Ahhh...to boldly explore a harsh alien landscape! Could this be the planet where our alien visitors from a previous post come from? Wow...I could have the makings of a novel here. But in reality, the picture above is from a place that has the potential to be more dangerous to life here on planet earth...or at least a portion of it in this region. I'll explain in a moment...
My wife and I are continuing our 25th wedding anniversary vacation (that's silver, for those of you who keep track). I mentioned in my last post that we ate at an incredible place called Black Bear in Susanville, California. It is rare that I am surprised at a resteraunt visit, but this place made me go "wow." The staff was friendly and personable and seemed to make an extra effort to insure the food was exactly how you liked it. The food arrived quickly (under 20 minutes in a rather full place). It is served on a platter (not a plate). A big platter! And nearly every square inch is covered with food. The bacon cheeseburger I had was incredible: thick and juicy and delicious. And for my colleagues at the DC, I want you to know that I had bisquits and gravy on Sunday morning before we left! And there was so much, I couldn't even finish it all. I guess one of the biggest surprises was to discover that there is a Black Bear branch in my proverbial "neck of the woods." When I get back, I will have to look it up.

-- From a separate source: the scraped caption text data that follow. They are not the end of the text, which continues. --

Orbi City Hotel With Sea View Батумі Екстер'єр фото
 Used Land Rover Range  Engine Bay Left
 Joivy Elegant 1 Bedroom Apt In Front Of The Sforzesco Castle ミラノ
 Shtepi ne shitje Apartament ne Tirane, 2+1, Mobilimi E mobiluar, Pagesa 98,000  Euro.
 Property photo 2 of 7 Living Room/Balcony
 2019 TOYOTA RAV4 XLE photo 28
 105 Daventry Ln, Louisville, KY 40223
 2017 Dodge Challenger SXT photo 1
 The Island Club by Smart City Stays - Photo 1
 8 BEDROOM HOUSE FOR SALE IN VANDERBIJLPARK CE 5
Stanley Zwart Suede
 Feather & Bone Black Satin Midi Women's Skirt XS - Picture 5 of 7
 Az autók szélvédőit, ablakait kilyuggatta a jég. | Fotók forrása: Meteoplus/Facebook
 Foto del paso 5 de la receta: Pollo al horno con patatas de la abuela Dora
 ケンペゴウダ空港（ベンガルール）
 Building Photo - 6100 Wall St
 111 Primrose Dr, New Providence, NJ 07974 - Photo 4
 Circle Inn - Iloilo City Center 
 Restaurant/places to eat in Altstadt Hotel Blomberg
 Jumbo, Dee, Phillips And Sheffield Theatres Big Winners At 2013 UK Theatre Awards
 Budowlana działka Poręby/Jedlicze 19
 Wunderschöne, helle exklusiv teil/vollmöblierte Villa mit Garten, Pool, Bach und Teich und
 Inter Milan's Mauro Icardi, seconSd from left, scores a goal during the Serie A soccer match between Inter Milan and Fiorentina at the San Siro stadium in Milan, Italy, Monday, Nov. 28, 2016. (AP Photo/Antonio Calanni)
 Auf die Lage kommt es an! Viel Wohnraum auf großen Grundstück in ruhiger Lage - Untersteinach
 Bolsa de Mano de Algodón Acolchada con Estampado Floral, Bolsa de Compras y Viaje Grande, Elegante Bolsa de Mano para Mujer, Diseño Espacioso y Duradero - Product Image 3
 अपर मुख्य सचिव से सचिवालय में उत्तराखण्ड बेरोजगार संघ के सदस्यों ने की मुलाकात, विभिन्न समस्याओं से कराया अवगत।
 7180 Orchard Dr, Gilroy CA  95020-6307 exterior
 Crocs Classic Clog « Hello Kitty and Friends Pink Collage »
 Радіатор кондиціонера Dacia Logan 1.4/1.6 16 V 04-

The Bear bids us a fond goodbye from Susanville
Before heading to our ultimate destination of South Lake Tahoe, we decided to visit Lassen Peak, home of Lassen Volcanic National Park. Our previous post mentioned seeing Lassen Peak from afar and that it had erupted in 1915. Well, in 1916, it was made a national park because of its significance as an active volcanic landscape. According to the documentation, all four types of volcanoes in the world plus active hyrothermal areas are found in the park. And, what I found most interesting, "Lassen Peak is one of the largest plug dome volcanoes in the world (is? as in present tense?). It is considered to be active today." (today? uhhh..how about tomorrow?)
So yes, ladies and gentlemen, we took part of our silver anniversary and decided to get up close and personal with an active volcano! Is that cool or what?
To reach this sign involved a relatively steep drive up the highway and another steep drive up the access road. It's a gorgeous view, but a looonnnggg way down.
After getting our permit from the ranger post up the road, we proceeded along the highway. Our first stop was "Sulfer Springs", which is a study in contrasts. At the parking area, there is this:
Snow drifts bigger than me (there was more snow higher up even deeper!)
But there are also active sulfer pits a few yards away...pits that belch out hot plumes of gas. Yes, the picture we started with above is one of those pits. What you can't experience from the picture is the size (probably about a yard wide), the smell (rotten eggs), and the sound...a deep bubbling, churning, sloshing sound from deep within.
The drive up the mountain is steep and the snow from last season is piled high along the sides. But there are some great views along the way:
We saw several bent and broken pine trees, victims of the huge amounts of snowOur God is an awesome God
Because of the heavy snow, we were stopped at another parking area and had to turn around. Up ahead was an area called "Bumpass Hell", named after a settler who lost his leg in one of the sulfer pits. But access would prove problematic:
Whaddya mean the trail is closed? I don't care if there is enough snow to swallow an RV, I want to hike!
So with that adventure over, we headed back down the hill and to our ultimate destination of South Lake Tahoe. And except for some rather challenging stretches (there is a narrow ridge at one point that is a sheer drop off on either side...fun stuff!), we had a good trip.
It's great to get away, but it's even better to get away with the one you love!